Better turbine access, shallow-water siting, lower labor cost and direct access to the oil and gas industry’s supply chain, however, could help offset higher costs. State and federal policies to incentivize development and procurement of offshore wind is a key component, Gannon said.

“That will define where we’re going to have at least the initial success of offshore wind,” she said.

Hart Energy - Oil and Gas Investor September 2022 issue - Tide Turns Toward US Gulf of Mexico Wind - Offshore wind energy turbine supply vessel anchored
Offshore wind energy turbine supply vessel anchored and loading rotor in port harbor. (Source: Rudmer Zwerver/Shutterstock.)

Policy Push

State programs and momentum behind such efforts should be top of mind for companies interested in developing GoM wind energy projects, according to experts.

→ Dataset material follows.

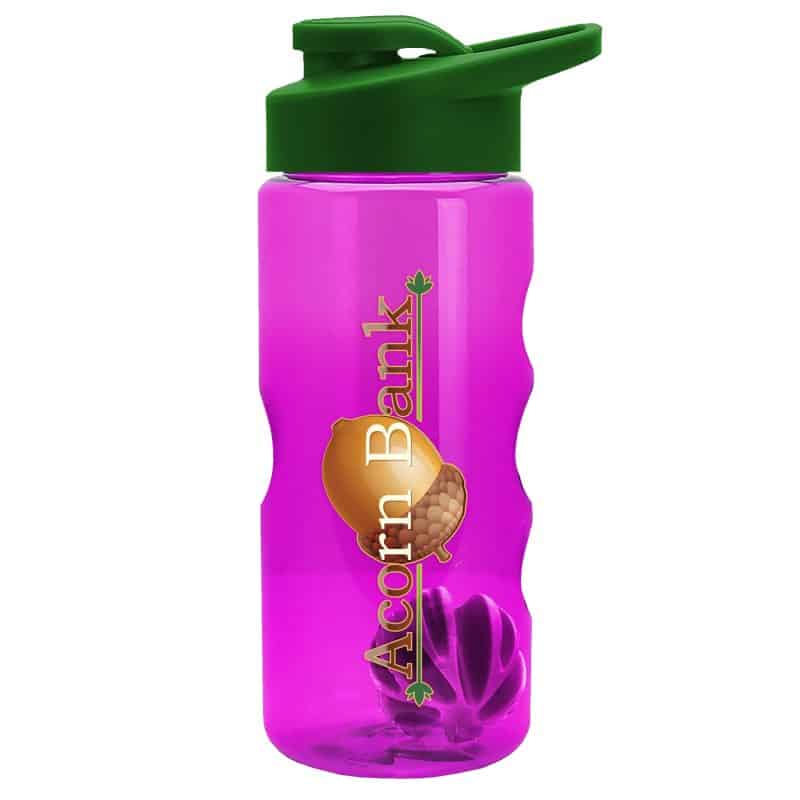 Custom Garyline® Mini Mountain Tritan® Shaker Bottle with Drink-Thru Lid - 22 oz. - 9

“I think [they] made the difference in the prices we saw in the New York Bight versus what we saw in Carolina,” she said. “Without having any contracts in place or any definitive signs that you’re going to get contracts in place, you can’t put as much capital at risk.”

In New York, policymakers are aggressively pursuing clean energy. Here, law mandates that 9,000 MW of offshore wind energy must be developed by 2035 and at least 70% of the state’s electricity must come from renewable energy sources by 2030.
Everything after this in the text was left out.